A psychologist who will not just tell you what you want to hear.

My primary clinical interests are in the assessment realm. I want to provide diagnostic clarification, risk assessment and expert forensic consultation first and foremost. I believe that world-class mental health care can be delivered no matter where it is occurring.

As for therapy, I am really only interested in helping men become whatever idealized version of themselves they want to be--provided it is conistent with a Christian worldview. Therapy has been, for too many years focused on a hyper-feminized way of approaching life's difficulties that is primarily affective-emotive at the expense of more rational problem solving techniques. This is the root of why, when men go to things like couples counseling, they generally feel that the therapist is on her side. The man's entire way of thinking is devalued and dismissed. This has happened by essentially painting men and their natural proclivites as defective women. 

Masculinity, as a social construct anyway, is in an unstable state of flux. I will not presume to tell you what a "real man" is, or that you are doing it wrong. I will, however, give you permission to explore ancient, typically masculine concepts like accountability, yiedling to authority and hierarchies, calculated risk taking, sacrificing for a greater cause, controlled strength, stoicism, justice and honor--without shame. 

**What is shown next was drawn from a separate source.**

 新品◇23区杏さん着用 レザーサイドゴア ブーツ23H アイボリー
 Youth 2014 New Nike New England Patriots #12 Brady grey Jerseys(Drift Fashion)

My first ten years in the mental health field were as an enlisted soldier, where I provided inpatient care to the armys most severely mentally ill soldiers at Fort Bragg, North Carolina. From then I went back to graduate school to complete my Ph.D and become a clinical psychologist. 

While on my first deployment to Afghanistan, I become proficient at delivering brief goal-oriented therapy in the battlespace for soldiers experiencing what the army calls "Combat Operational Stress Reaction" (COSR). 

I still have a heart for the traumatized and therefore I am interested in picking up and helping individuals who want to grow from their experience, rather than let it define them negatively. 

My wife Mychael, and our four children moved here to Montana after I "retired" from the army.